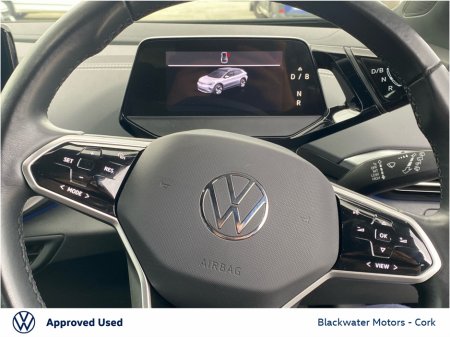 2023 Volkswagen ID.4 52KWH 148BHP LIFE PURE WITH 'STYLE' INTERIOR €25,995 thumbnail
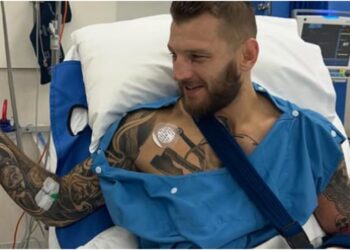 MMA News - Dan-Hooker-avslojar-nar-han-vill-komma-tillbaka
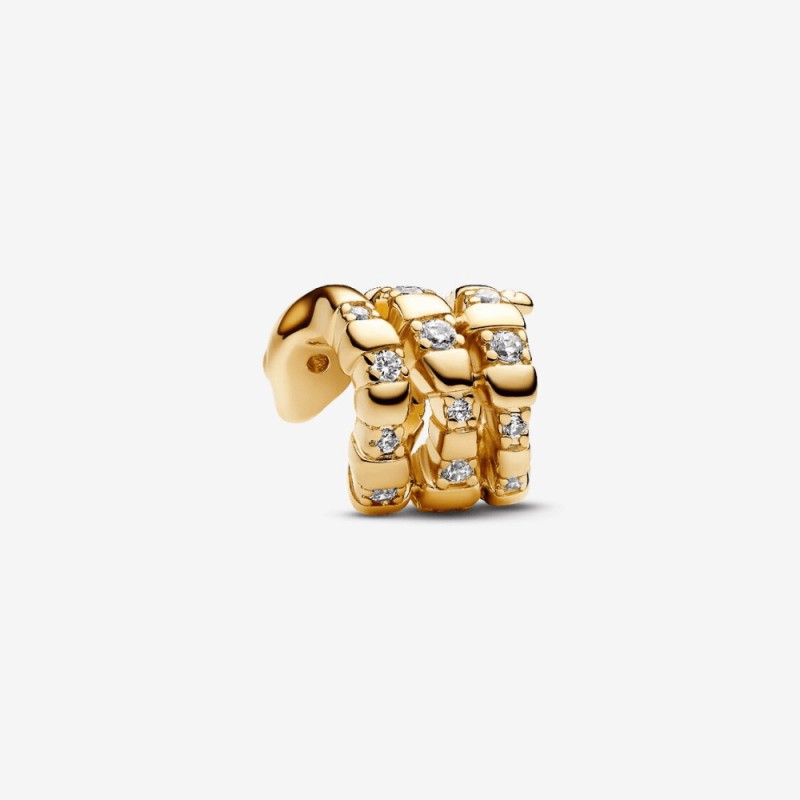 Pandora - Charm Serpente  - 763618C01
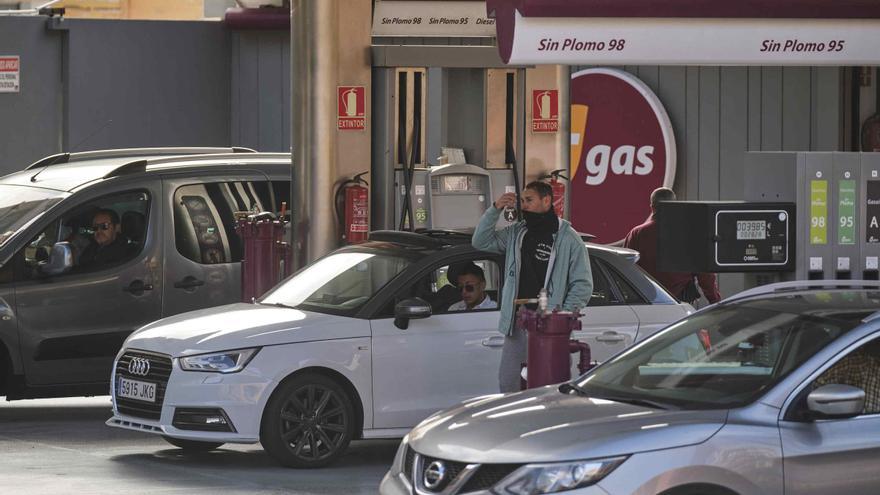 La aplicación del céntimo forestal costará unos seis euros al año por vehículo en Tenerife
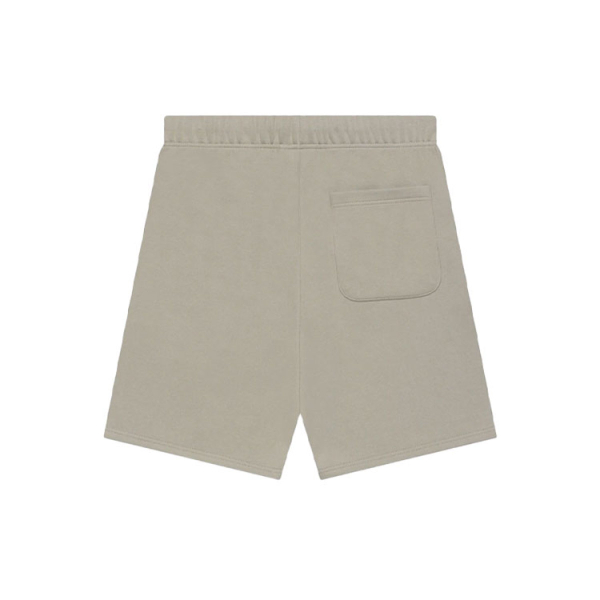 Fear of God Essentials SS21 Sweatshort Moss Logo
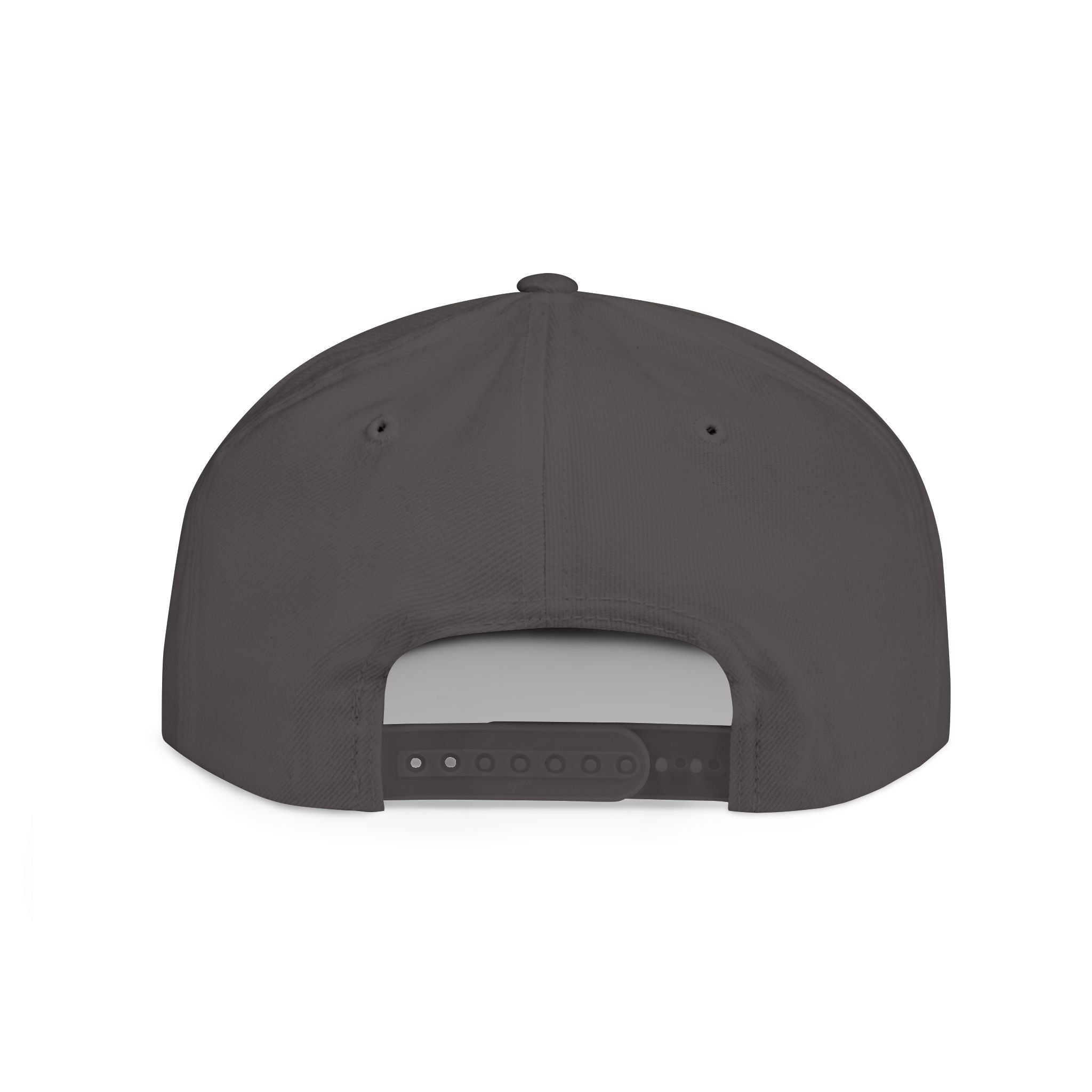 Texas Backwards - Flat Bill Snapback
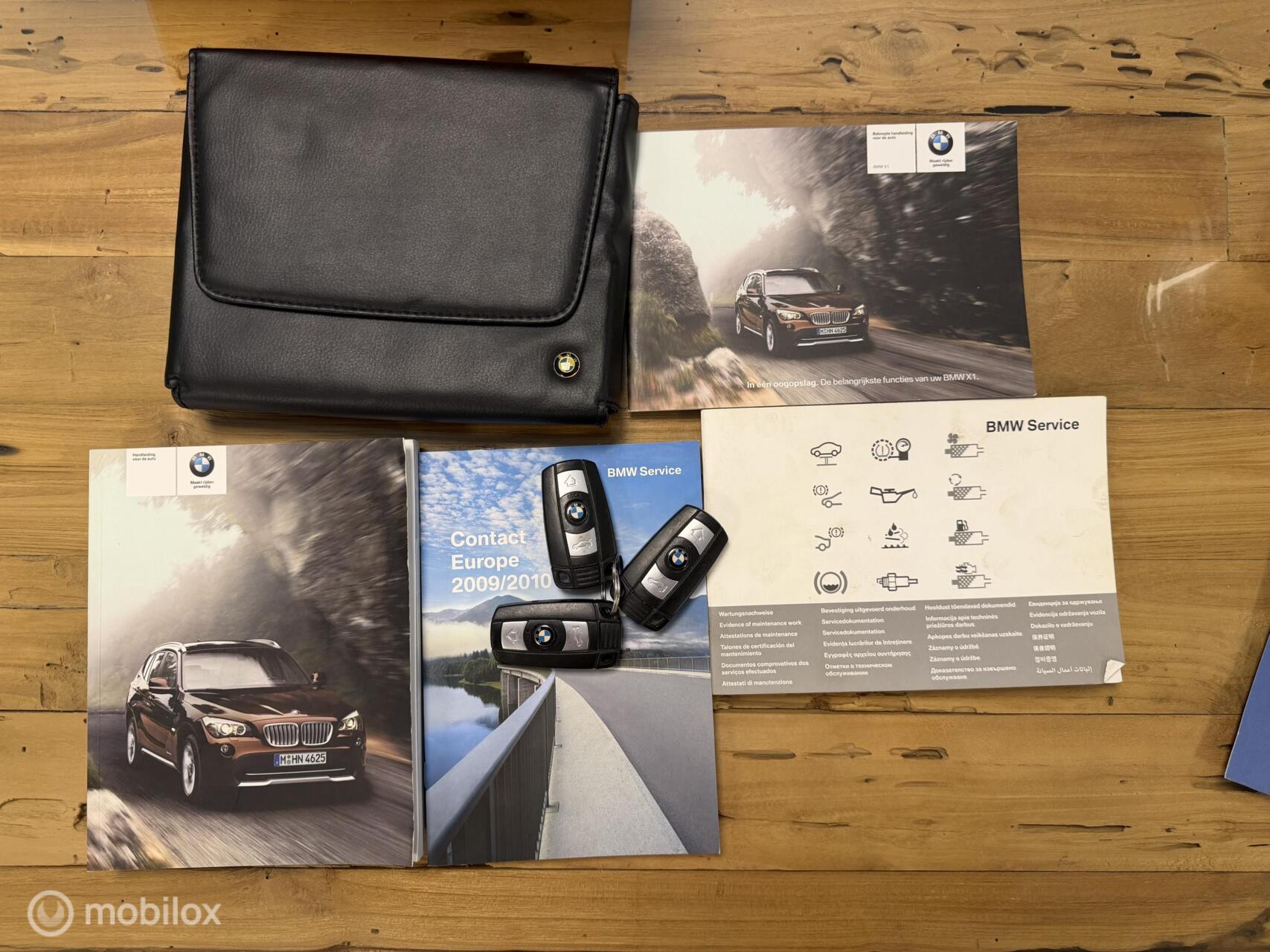 Foto van BMW X Reihe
........
**Exercise brief**: When you print the records above, keep them exact and leave out the pictures.

**Exercise result**:
 2023 Volkswagen ID.4 52KWH 148BHP LIFE PURE WITH 'STYLE' INTERIOR €25,995 thumbnail
 MMA News - Dan-Hooker-avslojar-nar-han-vill-komma-tillbaka
 Pandora - Charm Serpente  - 763618C01
 La aplicación del céntimo forestal costará unos seis euros al año por vehículo en Tenerife
 Fear of God Essentials SS21 Sweatshort Moss Logo
 Texas Backwards - Flat Bill Snapback
 Foto van BMW X Reihe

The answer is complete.